How do I - not print

ZimMonkey · 08-20-2009, 09:10 AM

I'm trying to clean up a fairly messy script and need a pointer in the right direction. Here's what i'm working with...

file
gibberish 5 Monkey $gibberish $gibberish
gibberish 8 Santa Claus $gibberish $gibberish
gibberish 2 Evil Robot Army $gibberish $gibberish
gibberish 7 Global Thermal Nuclear War $gibberish $gibberish

I want to get rid of the gibberish, (and $gibberish). Here's what I did (and it's messy)

for filename in *; do
awk '$4 ~ /\$/' $filename | awk '$5 ~ /\$/ {print $3,$2}' > a
awk '$5 ~ /\$/' $filename | awk '$6 ~ /\$/ {print $3,$4,$2}' > b
awk '$6 ~ /\$/' $filename | awk '$7 ~ /\$/ {print $3,$4,$5,$2}' > c
awk '$7 ~ /\$/' $filename | awk '$8 ~ /\$/ {print $3,$4,$5,$6,$2}' > d
cat a b c d > $filename
done

In my case the awk list is actually much longer because the gibberish extends out to 15 fields. My only saving grace is that the pattern is the same, where I don't want the first, or last 2 fields. Is there a cleaner way to use awk so it prints everything but the first and last 2 fields? Or am I stuck with the ugly mess?

Thanks

Zim

centosboy · 08-20-2009, 09:22 AM

Quote:

Originally Posted by ZimMonkey

I thought I posted this yesterday, but it's been about 18 hours and the post hasn't shown up, so I guess i didn't hit send. If I'm on a delay for being a noob, then please delete my first question.

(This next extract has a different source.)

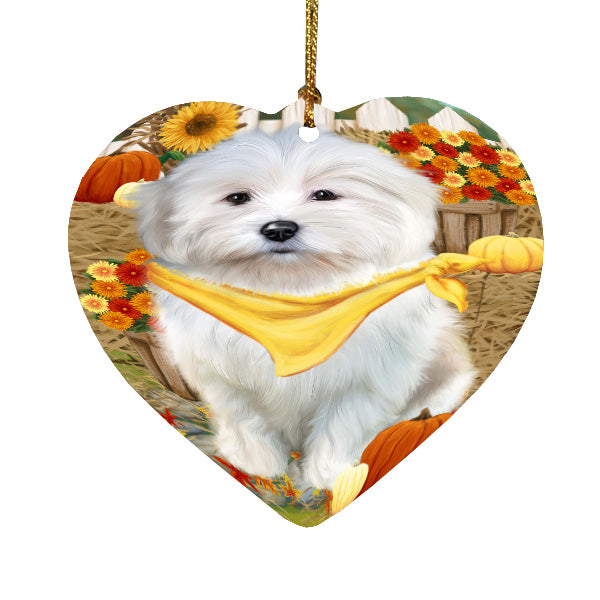 Fall Pumpkin Autumn Greeting Coton De Tulear Dog Heart Christmas Ornament HPORA59259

I'm trying to clean up a fairly messy script and need a pointer in the right direction. Here's what i'm working with...

file
gibberish 5 Monkey $gibberish $gibberish
gibberish 8 Santa Claus $gibberish $gibberish
gibberish 2 Evil Robot Army $gibberish $gibberish
gibberish 7 Global Thermal Nuclear War $gibberish $gibberish

I want to get rid of the gibberish, (and $gibberish). Here's what I did (and it's messy)

for filename in *; do
awk '$4 ~ /\$/' $filename | awk '$5 ~ /\$/ {print $3,$2}' > a
awk '$5 ~ /\$/' $filename | awk '$6 ~ /\$/ {print $3,$4,$2}' > b
awk '$6 ~ /\$/' $filename | awk '$7 ~ /\$/ {print $3,$4,$5,$2}' > c
awk '$7 ~ /\$/' $filename | awk '$8 ~ /\$/ {print $3,$4,$5,$6,$2}' > d
cat a b c d > $filename
done

In my case the awk list is actually much longer because the gibberish extends out to 15 fields. My only saving grace is that the pattern is the same, where I don't want the first, or last 2 fields. Is there a cleaner way to use awk so it prints everything but the first and last 2 fields? Or am I stuck with the ugly mess?

Thanks

Zim

this might help - perl in line edit.
shorter, quicker, cleaner

Code:

cat filename | perl -ne's/(gibberish |\$gibberish)//g;print'

or

in line if you confident... with .bak backs up orig.

Code:

perl -pi.bak 's/(gibberish |\$gibberish)//g' filename

ilikejam · 08-20-2009, 09:27 AM

Hi.

How about something like:
$ awk '{ for (i=3;i<(NF-2);i++) { printf "%s ", $i }; if (i == (NF-2)) print $i }' /path/to/input/file

Dave

ZimMonkey · 08-20-2009, 06:00 PM

Thanks for the replies.

ilikejam, i tried your code and it removed the first and last fields leaving the second to last field of gibberish still there. I'll try to do some tweaking.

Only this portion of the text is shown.